A atividade protagonizou o desastre ambiental do Lago do Batata, com o depósito dos rejeitos do processo da extração mineral por uma década (1979 a 1989). O desastre do Lago do Batata é considerado um dos mais graves acidentes ambientais da Amazônia. Na mesma região a Cargil é responsável pelo monocultivo da soja e a Alcoa ergue uma planta industrial para a extração de bauxita no município de Juruti. A extração é responsável pela derrubada de cerca de 300 hectares de floresta por ano. O empreendimento conta com o financiamento do Banco Nacional de Desenvolvimento Econômico e Social (BNDES).
Em oposição a processos de implantação de grandes projetos na região os segmentos contrários realizam seminários, fóruns e distribuem através da internet manifestos, relatórios e denúncias sobre as expropriações que sofrem as comunidades consideradas tradicionais.
Irene Pinheiro, que integra o movimento quilombola de Oriximiná. 48 anos, mãe de três filhos a caçula com 15 anos, a segunda com 21 e o terceiro com 23, separada, graduada em ciências sociais fala ao Fórum Carajás sobre as dinâmicas econômicas, sociais e políticas da região. Irene anima o movimento de mulheres da região do Baixo Amazonas. É uma quilombola da comunidade Irepecuru Cuminá. A militante esteve em Belém, entre os dias 13 a 15 de maio para participar do encontro da coordenação do Fórum da Amazônia Oriental (FAOR), que reuniu organizações sociais do Maranhão, Pará, Tocantins e Amapá, na sede da Conferência Nacional dos Bispos do Brasil (CNBB). Foi lá que conversamos sobre a comunidade de Irene, as folias, as pelejas e as lutas sociais travadas na região.

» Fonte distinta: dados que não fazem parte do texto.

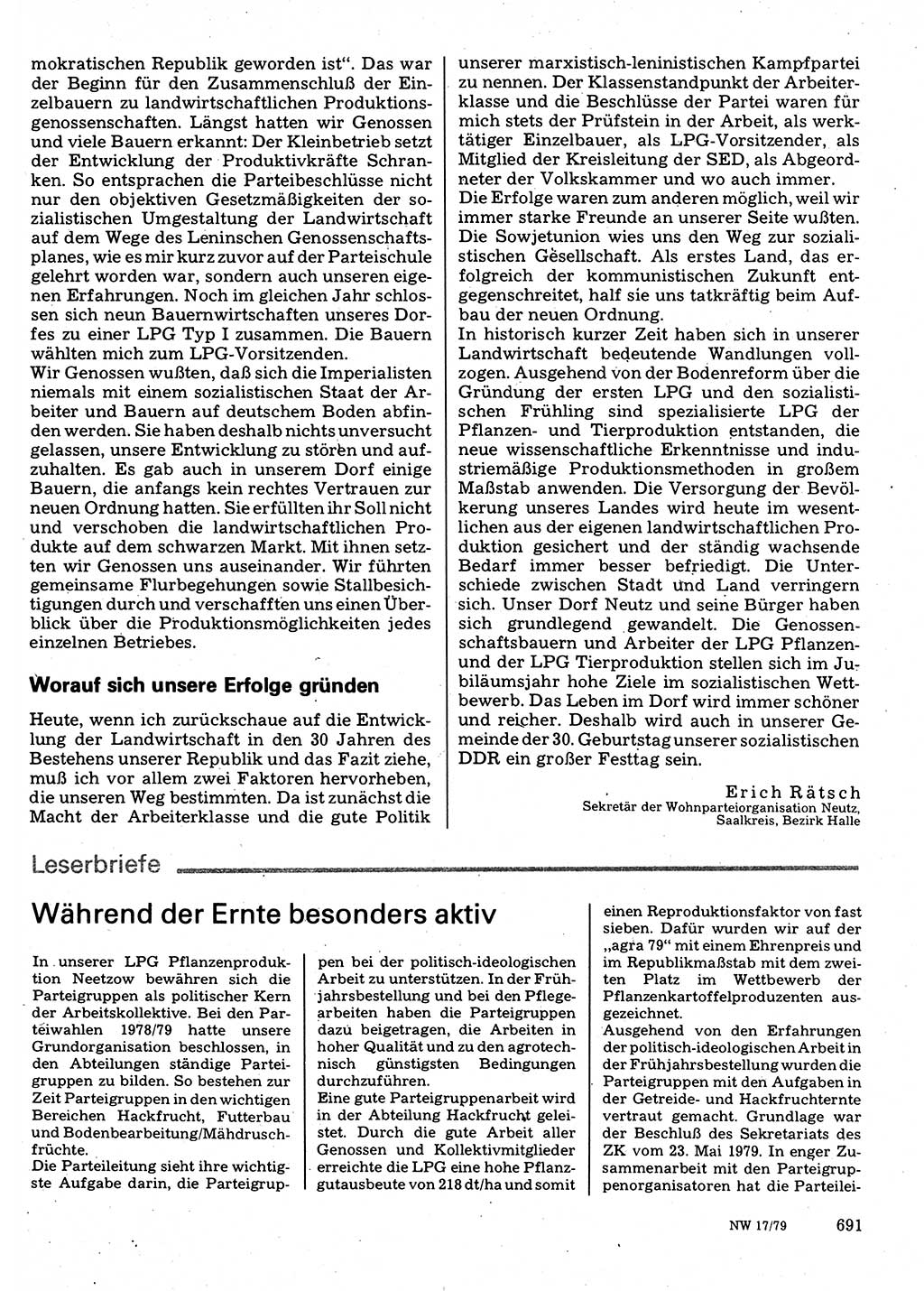 Neuer Weg (NW), Organ des Zentralkomitees (ZK) der SED (Sozialistische Einheitspartei Deutschlands) für Fragen des Parteilebens, 34. Jahrgang [Deutsche Demokratische Republik (DDR)] 1979, Seite 691 (NW ZK SED DDR 1979, S. 691)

Fórum Carajás - A qual comunidade você pertence?
Irene Pinheiro - Erepecuru Cuminá. São mais de 300 famílias. Em nossa cena cultural mantemos a folia chamada de aiué. Foi a família do meu pai que ajudou a multiplicar. Lembra a festa de São Benedito. Realizamos sempre em janeiro. É uma dança.
Há outras manifestações?
Irene - Temos ainda o lundu, a mazurca e a desfeiteira...
O que é a desfeiteira?
Irene - Funciona como se fosse um desafio. Tem os casais. Um diz um verso para o outro e o rival tem de responder. Isso com música e dança rolando.
Como é a produção nas comunidades?
Irene - Tem ainda muita castanha do Brasil. É a base. Temos a cooperativa que ajuda na organização. Mas, não conseguimos inserir a mesma e seus derivados na merenda escolar. A agricultura familiar com a produção de macaxeira e lavoura branca serve como forma de subsistência. Algumas famílias produzem peixes e quelônios.
Como anda a agenda da luta da mulher na região?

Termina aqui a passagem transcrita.